▸ **WHAT YOU HAVE TO DO**
Among the entries below, take the line with "A network surface" and the line with "In this lesson, you", and output them and every line between them exactly, with nothing else.

▸ **DATA PROVIDED**
-- Opening Marker --
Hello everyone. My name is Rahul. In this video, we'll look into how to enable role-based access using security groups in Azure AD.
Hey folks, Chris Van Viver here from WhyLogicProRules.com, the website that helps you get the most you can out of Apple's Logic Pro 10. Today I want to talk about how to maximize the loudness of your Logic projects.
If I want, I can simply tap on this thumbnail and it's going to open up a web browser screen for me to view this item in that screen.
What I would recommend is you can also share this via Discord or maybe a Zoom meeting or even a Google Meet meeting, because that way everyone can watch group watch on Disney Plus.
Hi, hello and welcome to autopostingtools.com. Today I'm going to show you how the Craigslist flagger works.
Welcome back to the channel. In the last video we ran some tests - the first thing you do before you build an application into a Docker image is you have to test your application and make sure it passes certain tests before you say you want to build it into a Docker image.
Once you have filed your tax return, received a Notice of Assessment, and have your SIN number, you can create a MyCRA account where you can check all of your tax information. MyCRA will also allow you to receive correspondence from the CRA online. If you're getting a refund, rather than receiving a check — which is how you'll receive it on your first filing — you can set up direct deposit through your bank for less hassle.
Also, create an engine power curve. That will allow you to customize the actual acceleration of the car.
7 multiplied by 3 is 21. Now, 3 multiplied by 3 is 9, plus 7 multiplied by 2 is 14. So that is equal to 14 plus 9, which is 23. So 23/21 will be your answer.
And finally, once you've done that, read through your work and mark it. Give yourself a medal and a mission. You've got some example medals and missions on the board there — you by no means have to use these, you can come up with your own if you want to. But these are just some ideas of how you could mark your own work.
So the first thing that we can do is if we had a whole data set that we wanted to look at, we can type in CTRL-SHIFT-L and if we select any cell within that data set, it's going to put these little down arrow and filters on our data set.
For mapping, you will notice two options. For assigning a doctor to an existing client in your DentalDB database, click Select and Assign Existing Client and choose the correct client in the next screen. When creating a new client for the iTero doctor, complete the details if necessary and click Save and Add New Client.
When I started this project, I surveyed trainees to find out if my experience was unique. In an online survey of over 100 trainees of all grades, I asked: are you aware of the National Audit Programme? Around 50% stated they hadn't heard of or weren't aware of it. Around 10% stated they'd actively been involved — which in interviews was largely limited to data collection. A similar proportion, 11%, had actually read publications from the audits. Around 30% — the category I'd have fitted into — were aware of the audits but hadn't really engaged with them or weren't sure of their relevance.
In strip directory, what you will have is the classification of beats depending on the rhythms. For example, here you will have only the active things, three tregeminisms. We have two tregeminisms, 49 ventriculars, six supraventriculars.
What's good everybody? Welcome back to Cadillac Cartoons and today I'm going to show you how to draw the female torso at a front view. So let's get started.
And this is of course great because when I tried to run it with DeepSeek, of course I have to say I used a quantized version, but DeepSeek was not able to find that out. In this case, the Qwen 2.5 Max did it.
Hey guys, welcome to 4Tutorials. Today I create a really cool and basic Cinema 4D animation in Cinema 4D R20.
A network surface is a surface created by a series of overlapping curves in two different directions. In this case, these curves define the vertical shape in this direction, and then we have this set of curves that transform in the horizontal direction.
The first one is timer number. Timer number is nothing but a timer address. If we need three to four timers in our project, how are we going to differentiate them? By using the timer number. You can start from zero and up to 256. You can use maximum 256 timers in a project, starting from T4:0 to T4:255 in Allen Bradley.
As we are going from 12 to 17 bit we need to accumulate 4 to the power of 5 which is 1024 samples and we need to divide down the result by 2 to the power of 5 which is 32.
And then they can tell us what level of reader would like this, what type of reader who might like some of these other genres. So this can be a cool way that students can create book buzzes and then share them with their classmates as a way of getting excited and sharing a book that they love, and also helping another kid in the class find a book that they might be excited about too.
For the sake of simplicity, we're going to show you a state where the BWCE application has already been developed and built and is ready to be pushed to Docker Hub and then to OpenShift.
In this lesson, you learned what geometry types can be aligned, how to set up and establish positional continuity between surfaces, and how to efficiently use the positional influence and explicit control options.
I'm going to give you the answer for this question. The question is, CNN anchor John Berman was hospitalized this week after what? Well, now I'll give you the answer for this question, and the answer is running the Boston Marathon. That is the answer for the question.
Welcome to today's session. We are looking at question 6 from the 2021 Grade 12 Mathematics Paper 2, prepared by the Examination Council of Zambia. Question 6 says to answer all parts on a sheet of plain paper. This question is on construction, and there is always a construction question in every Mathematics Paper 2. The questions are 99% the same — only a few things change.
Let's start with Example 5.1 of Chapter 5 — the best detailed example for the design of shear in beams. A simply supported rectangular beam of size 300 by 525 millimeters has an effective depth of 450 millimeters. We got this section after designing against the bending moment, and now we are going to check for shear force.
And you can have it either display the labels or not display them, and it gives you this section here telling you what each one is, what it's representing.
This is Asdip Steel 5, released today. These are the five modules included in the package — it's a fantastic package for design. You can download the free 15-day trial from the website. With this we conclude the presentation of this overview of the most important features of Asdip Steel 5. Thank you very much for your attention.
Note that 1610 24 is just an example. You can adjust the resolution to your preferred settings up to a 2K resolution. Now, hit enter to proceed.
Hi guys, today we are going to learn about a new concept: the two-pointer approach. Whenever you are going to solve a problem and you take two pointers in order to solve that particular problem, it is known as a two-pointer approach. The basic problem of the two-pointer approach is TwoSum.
-- Closing Marker --
▸ **EXERCISE RESPONSE**
A network surface is a surface created by a series of overlapping curves in two different directions. In this case, these curves define the vertical shape in this direction, and then we have this set of curves that transform in the horizontal direction.
The first one is timer number. Timer number is nothing but a timer address. If we need three to four timers in our project, how are we going to differentiate them? By using the timer number. You can start from zero and up to 256. You can use maximum 256 timers in a project, starting from T4:0 to T4:255 in Allen Bradley.
As we are going from 12 to 17 bit we need to accumulate 4 to the power of 5 which is 1024 samples and we need to divide down the result by 2 to the power of 5 which is 32.
And then they can tell us what level of reader would like this, what type of reader who might like some of these other genres. So this can be a cool way that students can create book buzzes and then share them with their classmates as a way of getting excited and sharing a book that they love, and also helping another kid in the class find a book that they might be excited about too.
For the sake of simplicity, we're going to show you a state where the BWCE application has already been developed and built and is ready to be pushed to Docker Hub and then to OpenShift.
In this lesson, you learned what geometry types can be aligned, how to set up and establish positional continuity between surfaces, and how to efficiently use the positional influence and explicit control options.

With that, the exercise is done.